Pathbreakers: New Postdoctoral Research on South Asia at U of T
Speaker: Heleen De Jonckheere, Postdoctoral Fellow, Centre for South Asian Civilizations, UTM
Discussant: Srilata Raman, Department for the Study of Religion, Uof T
Chair: Christoph Emmrich, Department for the Study of Religion, Director, Centre for South Asian Studies, U of T
Recent scholarship (e.g. Andrew Nicholson) has raised important arguments considering the unified idea of a Hindu religion. Also, the delineation of heterodox-orthodox, or āstika-nāstika, is not without debate. Viewed from the perspective of Jain narratives, the idea of the Brahmin or Brahmanical other exists. This Brahmin other is not unified in the sense that he expounds a single philosophical view, or adheres to a single set of gods, but he does belong to one group of religious followers that is different from the Jains as well as the Buddhists. This lecture aims at questioning what the term brāhmaṇa (Brahmin) or dvija (twice-born) means in the 'Examination of Religion' (Dharmaparīkṣā), a polemical narrative that comically criticizes the Hindu purāṇic stories. The 'Examination' exists in several adaptations composed between the 10th and 18th century in Northern and Southern Indian languages, including Sanskrit, Braj, and Kannada. A diachronic analysis of these versions suggests that a Brahmin was someone quite different for each specific author in his specific location. The idea of the Brahmin other seems to have depended on time and geography, but also social environment related to the audience. The choice of language is another factor that might have influenced the brāhmaṇa's depiction. This lecture will probe whether we can speak of a more or less unified Brahmin, or whether the term serves as a catch-all category of other for Jain authors. Finally, the speaker will suggest how discussing Jain narrative literature can add to the larger issue concerning the term 'Hindu'.

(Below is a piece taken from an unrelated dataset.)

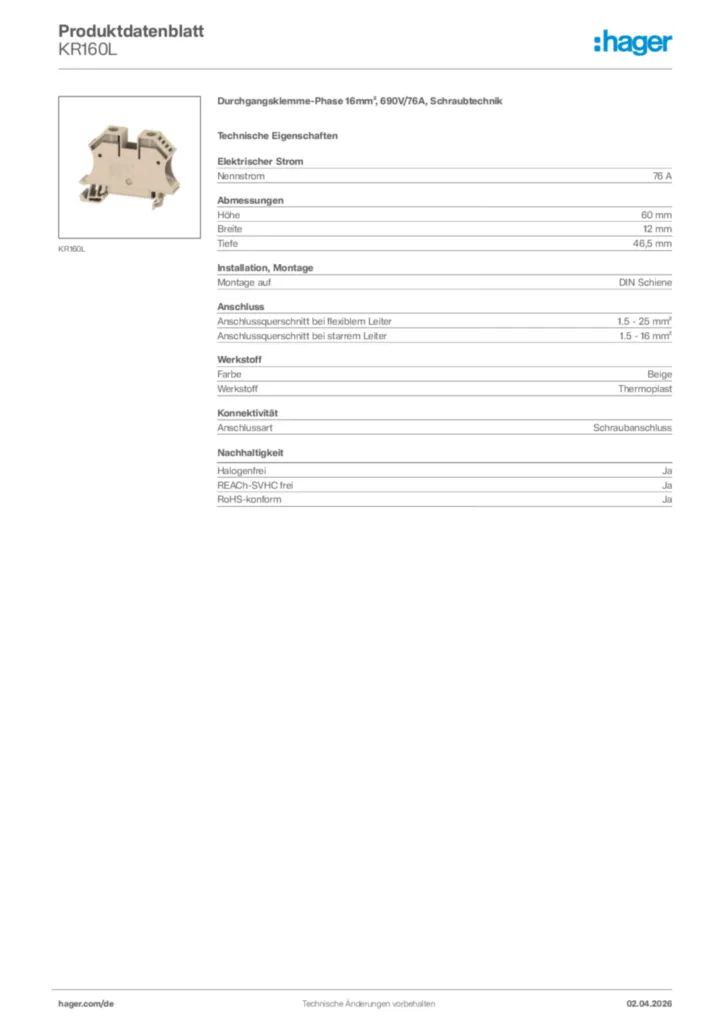 Bild Hager Produktdatenblatt KR160L | Hager Deutschland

Heleen De Jonckheere (PhD Ghent University, 2020) is Bhagavan Shitalnath Postdoctoral Fellow at the Centre for South Asian Civilizations of the Department for Historical Studies, University of Toronto Mississauga. Her current research focuses on the idea of translation and adaptation in the Jain context and in South Asia in general, and on the religious implications of translation. Her further interests include Jain narrative literature, Jain polemics and Jain manuscript culture, as well as the interactions of popular forms of religiosity with more established forms of religion.